Thursday, August 14, 2008
6:30 p.m. The Burglars
Henri Verneuil (France, 1971)

(Le casse). Verneuil’s remake of The Burglar steals nothing from its predecessor. Shifting the focus from incest to archrivalry, this Morricone-driven thriller pits a loopy Jean-Paul Belmondo as Azad, a crook, against dodgy cop Zacharia (Omar Sharif)—everything from A to Z. The caper consists of the theft of a fortune in emeralds from an Athens industrialist. But it’s the aftermath of the crime that counts, and according to Zacharia’s math he, not the thieves, should get all the green goodies.

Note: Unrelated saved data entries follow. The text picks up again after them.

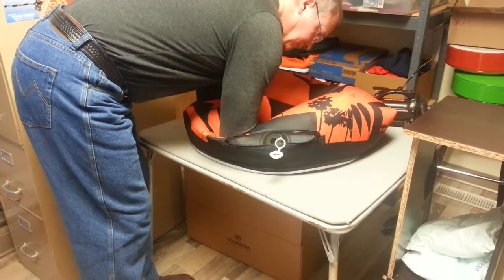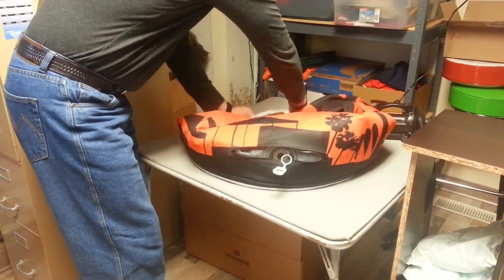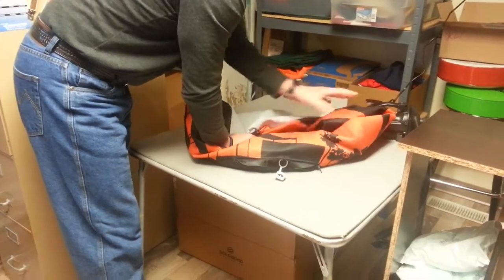It folds out when all the air is out of it. You can fold it up, put it in its box, and away you go. It's a terrific product.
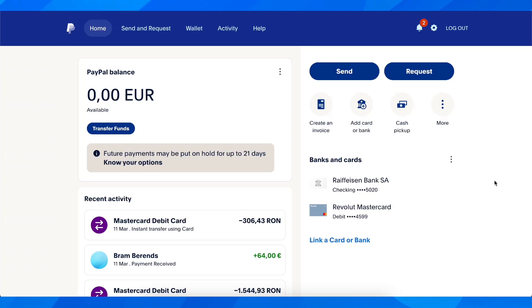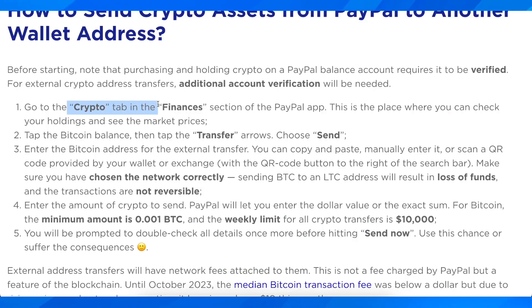Hi everyone. In today's video I'm going to explain to you how to send Bitcoin from PayPal to external wallets. Basically what you're going to have to do is simply go to the crypto tab in the finance section of the PayPal app, and then tap the Bitcoin balance.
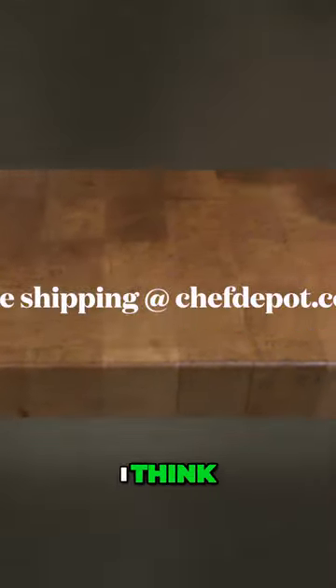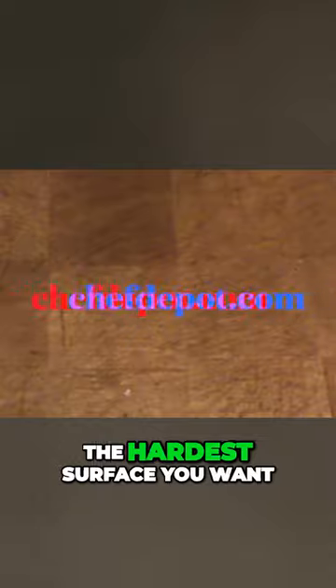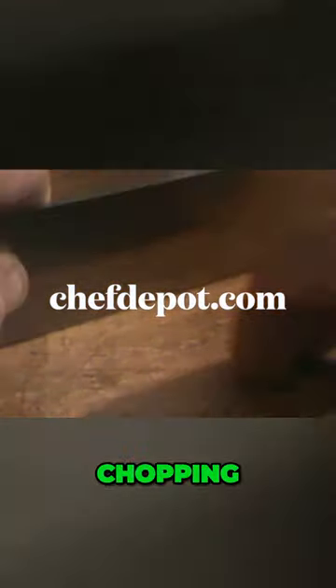This one here is going on — I think this end grain rock maple is over 20 years old now. It's the hardest surface you want for your knife. Cutting, chopping, slicing, dicing will not hurt the knife blade, will not hurt the block.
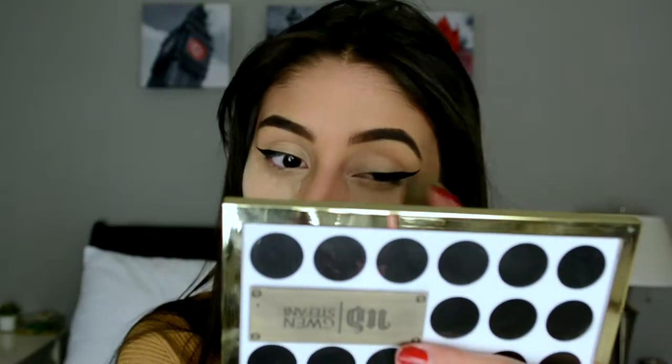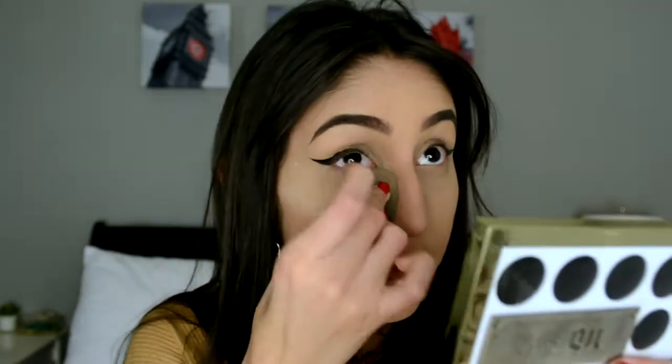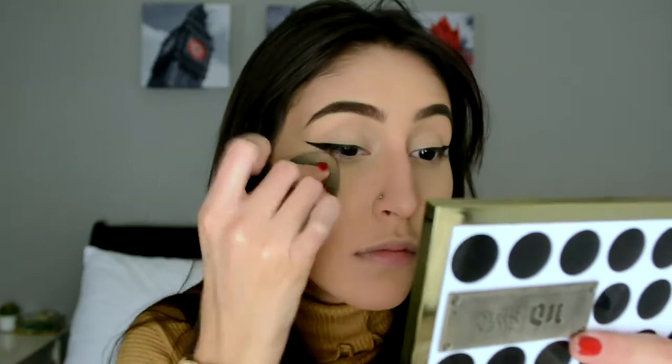So while that was baking, I did a winged liner using the Kat Von D Tattoo Liner in black, and now I'm just going to press in the powder with my damp Beauty Blender and then move on to contour bronzing. For bronzing, I'm going to mix the Physicians Formula Butter Bronzer and the Too Faced Chocolate Soleil Bronzer in medium deep, and I'm going to be using a big fluffy brush to mix it.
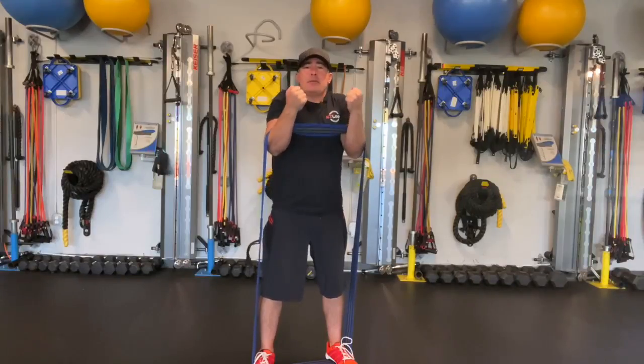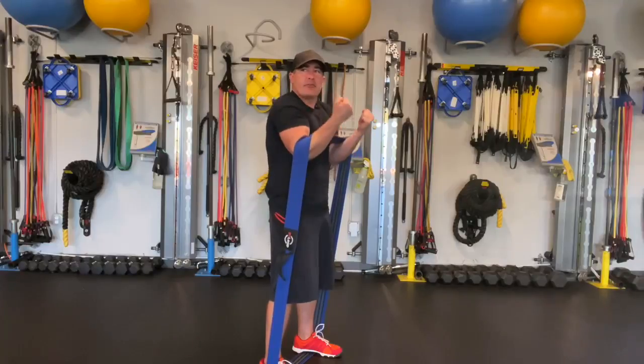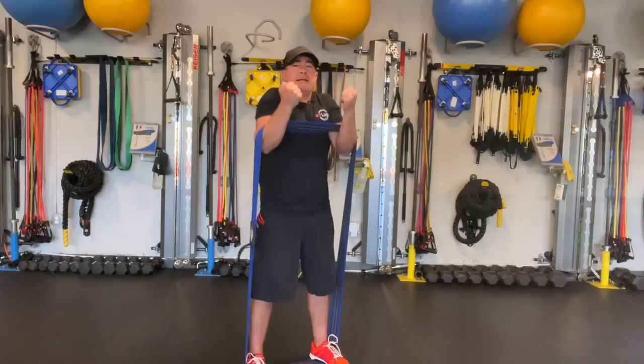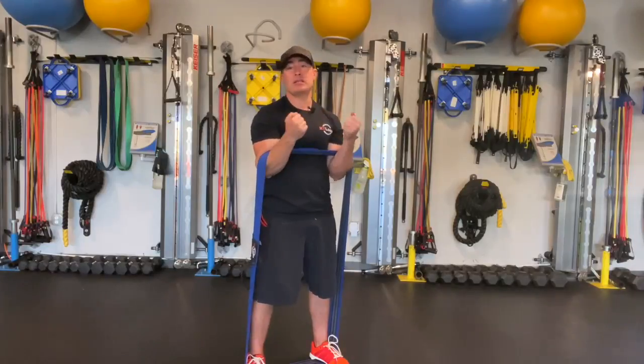I'm performing NT loop Zurcher shrugs and you'd like to do these fast because it increases the level of pump and cranking out very high reps — I'm talking 30, 40, 50, even 60 reps.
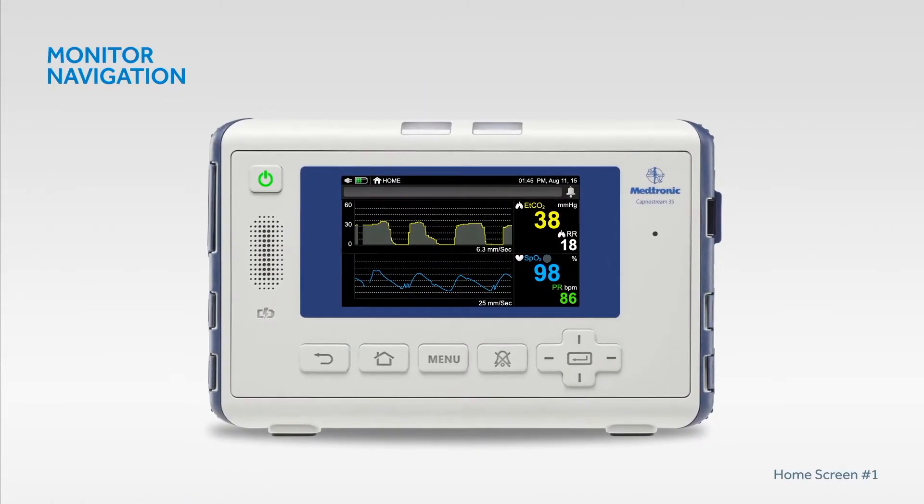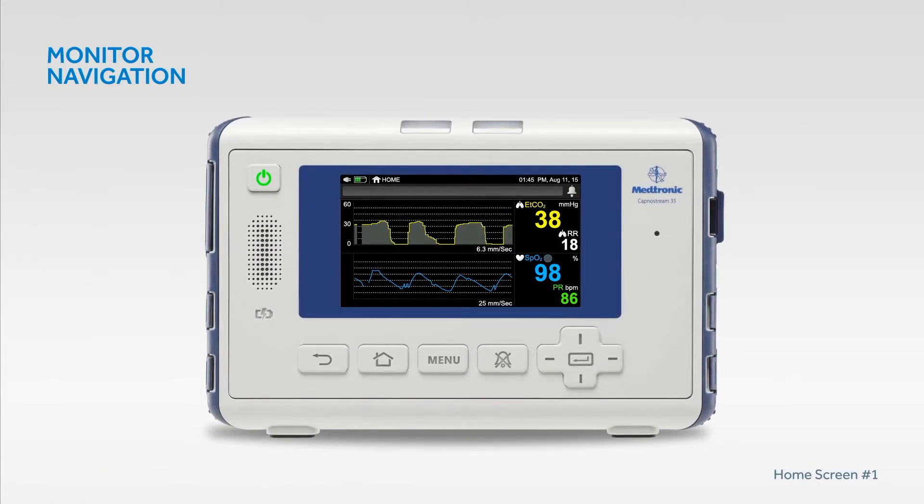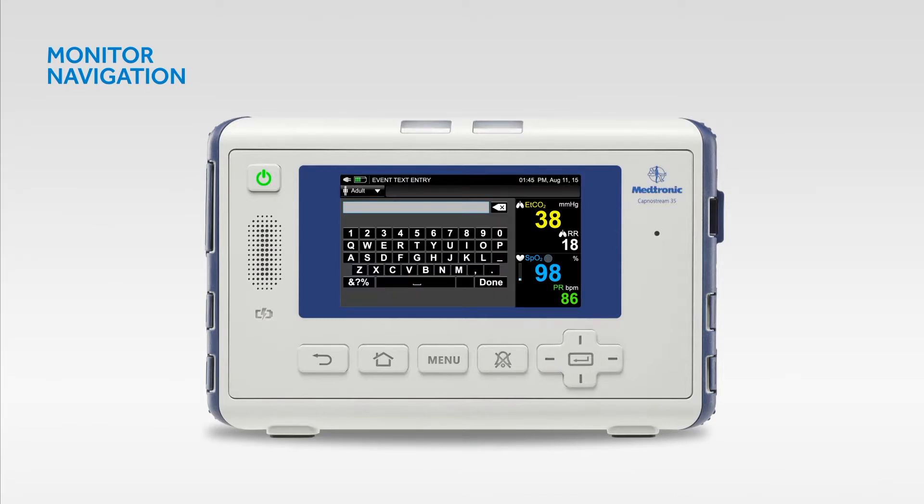To navigate the monitor's display screen, use the arrows to move up, down and across the screen and press the enter button to make your selection. Use the arrows and enter button to input letters and numbers when prompted by the cursor.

The Burglars begins with a near-silent safecracking and a laughable gizmo that aids in the breach, then it’s off on a terrific high-speed romp through Greece, with Belmondo doing some hair-raising stunts including a car chase that is anything but wreckless. There is a sister, sent off to an Aegean island, and a dubious seducer, played by Dyan Cannon in a prolonged walk-on—these in a nod to the novelist. But this Euro redo of The Burglar is really a second story, man.

—Steve Seid

• Written by Verneuil, Vahe Katcha, based on the novel by David Goodis. Photographed by Claude Renoir. With Jean-Paul Belmondo, Omar Sharif, Dyan Cannon, Robert Hossein. (120 mins, In English, Color, 35mm, From Sony Pictures)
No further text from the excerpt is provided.